Servers could then have a scheme where they block/bounce all communication except from contacts that have your presence. Presence is the key word here, not subscriptions, since if you login invisible you'd still want the bouncing effect on subscribed contacts that you've not revealed yourself to. I think presence is the most natural privacy control mechanism.
More natural than presence subscriptions or the roster?
There's just one problem, and this was brought up at the summit: if both parties forbid communication with people not in the roster (or, more appropriately, forbid communication with people who don't have their presence), then it would not be possible to trade directed presence. Oops!
If this were implemented using privacy lists, your client could automatically update the default "don't talk with strangers" privacy list when you do presence sharing. But we'd still need a way to bootstrap. Hmm.
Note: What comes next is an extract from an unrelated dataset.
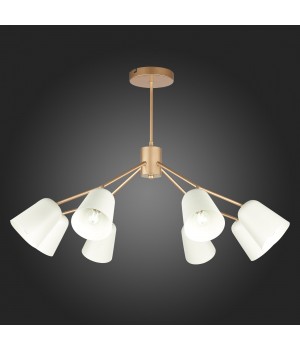 SLE155902-08 Люстра потолочная Золотистый/Белый E14 8*40W MARIO-foto7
IMO, for this to work we need to define some server exceptions. For example, GTalk will let <presence type='subscribe'> packets through. We'd want to take this a step further and let through any presence packet containing a <tradewithme> element.
Server DOM grovelling to look for the right extension? That doesn't sound very appealing to server developers.
We need two new XEPs: "Temporary Presence Exchange" (for exchanging caps/resource information with unknown/invisible entities),
What more does that involve on top of directed presence containing caps?
and "Presence-based Privacy" (which is TPE-aware).
I feel a lot of hoops here. How about a way to send a presence subscription request but indicate that it's intended to be only temporary?